Anchorage AK — First pregnant woman detained by ICE in Alaska wins court-ordered release from Hiland Mountain

Anchorage, AK FIPS 02020
Current status: Federal court ordered temporary release; ICE's own guidance restricts detaining pregnant women; case ongoing in Alaska federal court, no guarantee against re-detention

The Incident

On March 20, 2026, ICE arrested Valeria Mendoza Santiago, a 25-year-old from Oaxaca, Mexico, at a bus stop in Anchorage.
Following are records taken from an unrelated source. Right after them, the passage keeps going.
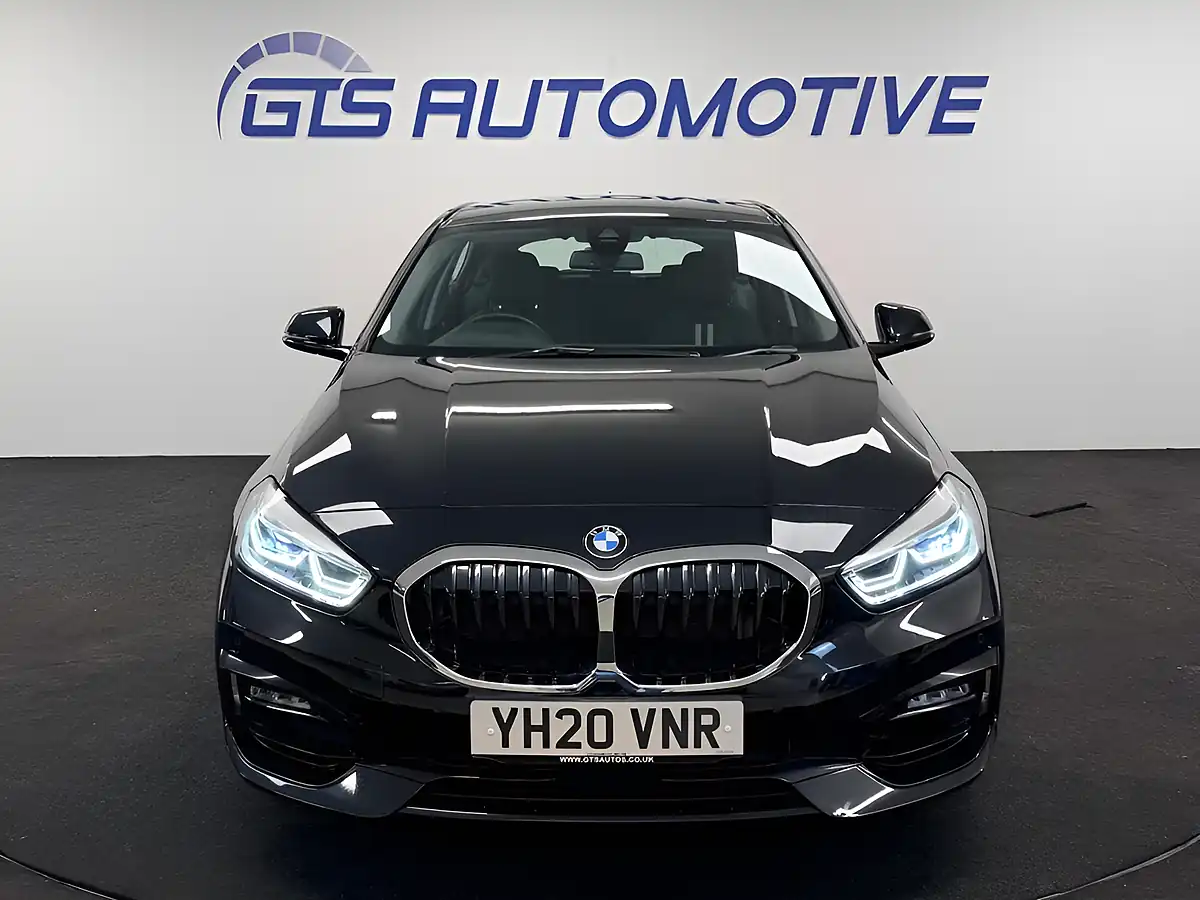 Used 2020 BMW 1 Series Sport Sapphire Black - Interior and Exterior details 6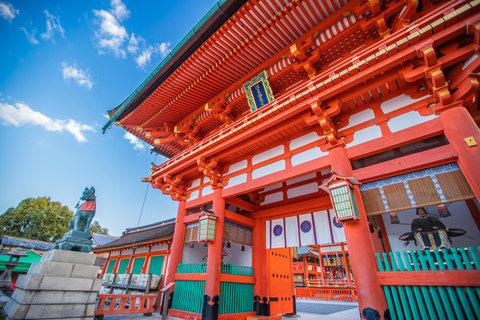 Vanuit Osaka/Kyoto: Dagtrip Kyoto &amp; Nara met Japanse LunchVan Osaka, VIP Villa Namba (Bijeenkomst om 7:50)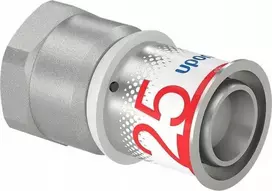 Uponor S-Press PLUS jungtis su vidiniu sriegiu. 25-Rp3/4FT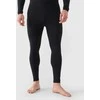 4F Termo Tamprės Vyrams Seamless Thermal Underwear Juodas 4FWAW24USEAM173 20S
She was several months pregnant — confirmed by ultrasound the day before her arrest.

Key facts:

  • She was transferred to Hiland Mountain Correctional Center in Eagle River (Alaska’s women’s prison, within Anchorage Municipality, FIPS 02020) — a new ICE-use facility distinct from the Anchorage Correctional Complex.
  • She was dressed in prison garb, placed alone in a cell, and told she would be flown out of state to a federal detention center the next day.
  • Her attorneys won a federal court order for temporary release, arguing ICE’s own detention guidelines advise against confining pregnant women except in narrow circumstances.
  • She first entered the U.S. in 2021 near Tijuana to join her husband, who was already living in Alaska.
  • Her husband, Jhony Gonzalez Merino, was detained by ICE in February 2026 and transferred to the Northwest ICE Processing Center in Tacoma, WA.
  • She has a school-age son and fears returning to Mexico due to threats of violence.

Why It Matters

  • First known pregnant woman detained by ICE in Alaska since the enforcement surge began in early 2025 (per her attorneys).
  • ICE policy conflict: ICE’s own guidance states officers “should not detain… individuals known to be pregnant… unless release is prohibited by law or exceptional circumstances exist.” The federal government argued in court this is guidance, not binding law.
  • Expansion of facilities used: Demonstrates ICE/DOC use of Hiland Mountain (women’s prison) in addition to the Anchorage Correctional Complex.
  • Ongoing: Released via court order but in active removal proceedings; attorneys note “the government has made no promise she won’t be detained again.”

Context

Per Alaska DOC, three women were detained by ICE in Alaska in 2026. The case surfaced in an April 21, 2026 ADN/Alaska Public investigation reporting at least 47 ICE arrests in Alaska through April 2026 — roughly one every two days.

Sources

This research is published at The RAMM — investigative reporting on the detention pipeline.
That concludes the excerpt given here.